Una sintesi fra le due posizioni è invece quella di Gianluca Mureddu del Comitato Centro Storico, titolare di un laboratorio artigianale nel quartiere: « Non bisogna puntare il dito contro nessuno, ma cercare di risolvere le difficoltà insieme. Partendo da un fatto: la Marina è un quartiere turistico, pieno di alberghi, negozi, ristoranti e locali. Questo significa, ovviamente, che le strade della zona attirano migliaia di persone, ed è fisiologico che questo sia un’ “attrazione” anche per chi non ha buone intenzioni. Le forse dell’ordine sono presenti, ma bisogna capire che più persone in giro necessitano di una maggiore attenzione per ordine pubblico e sicurezza, così come avviene normalmente dove c’è una concentrazione straordinaria di persone». Anche per Mureddu, nessun legame fra micro-criminalità e stranieri:«Con le comunità africane, cinesi o pachistane, abbiamo sempre avuto un ottimo rapporto. Molti di loro fanno parte del Consorzio, abbiamo organizzato eventi tutti assieme, cucinato culurgiones e cous cous, suonato musica nostrana e africana; la questione sicurezza e quella dei migranti sono da tenere distinte fra loro e non confonderle con le problematiche che ci sono alla Marina, legate al gran numero di persone che la frequentano».

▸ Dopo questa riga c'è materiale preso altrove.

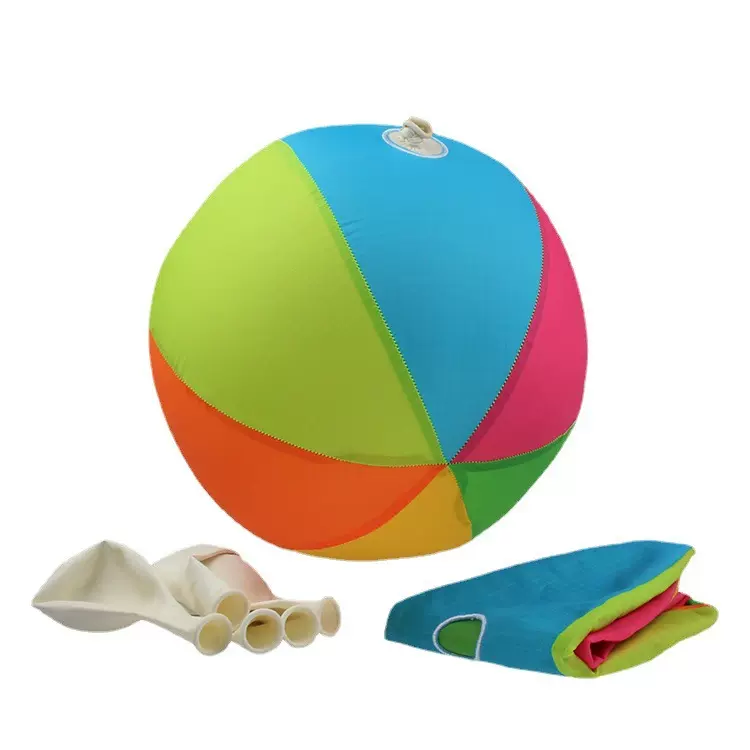 厂家22CM充气布球亲子室内外休闲运动玩具球吹气球布艺玩具户外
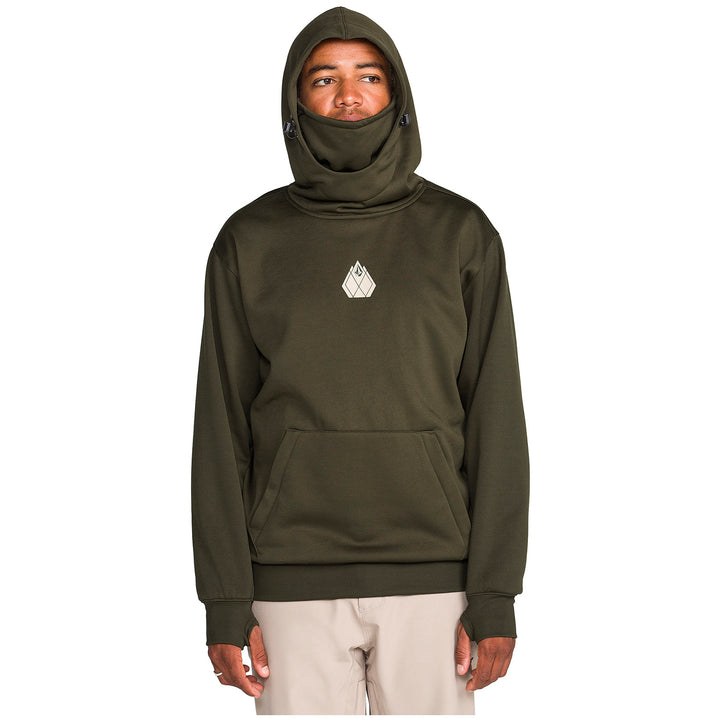 Volcom Hydro Riding Hoodie - Men's Dark Green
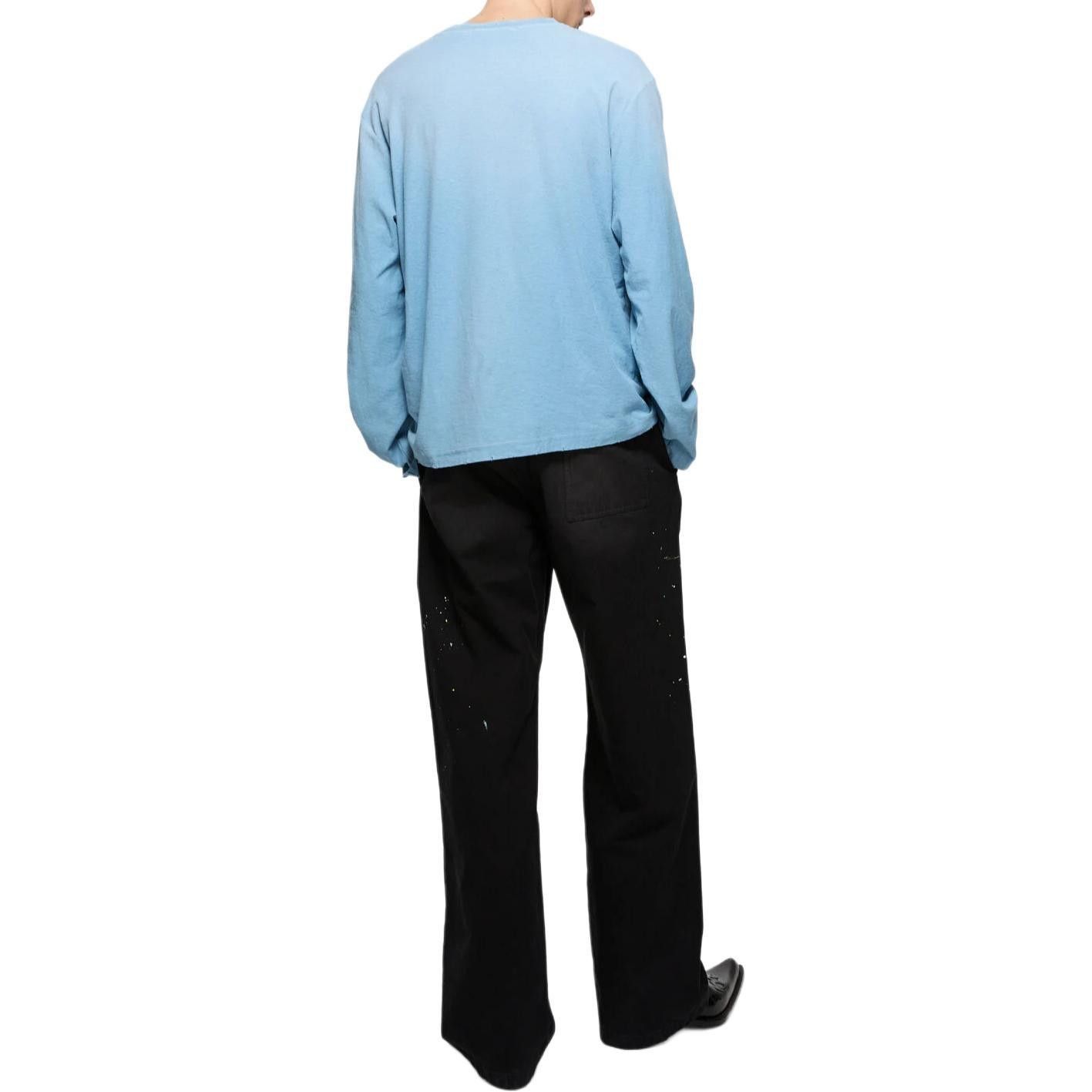 Acne Studios Vintage Logo Long Sleeve Tee in Blue Size US L / EU 52-54 / 3 - 10 Thumbnail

Rifuggere dal luogo comune che associa migranti e delinquenza, e trovare una soluzione affinché chi passeggia alla Marina possa farlo nelle condizioni più sicure, in sintesi. Fra le soluzioni proposte, alcune sono allo studio delle istituzioni, fra cui, quella di Massimo Mazzei, che oltre ad essere socio del ristorante già citato, coordina un’agenzia di sicurezza:«Potremmo quotarci, noi commercianti della Marina, per pagare un servizio di vigilanza che funga come deterrente per episodi come scippi o piccoli furti. Senza sostituirci ovviamente alle forze dell’ordine, ma aiutandole, segnalando le situazioni di potenziale o reale pericolo. Gruppi di persone che si rendano disponibili, ad esempio, ad accompagnare ragazze che non si sentono sicure a raggiungere da sole la propria auto parcheggiata, magari quando i locali chiudono e le strade si svuotano, potrebbe essere un’idea. I commercianti del quartiere sono tanti, e la spesa, divisa fra tutti, non sarebbe eccessiva. Al contrario, i vantaggi sarebbero tanti e i benefici per tutti».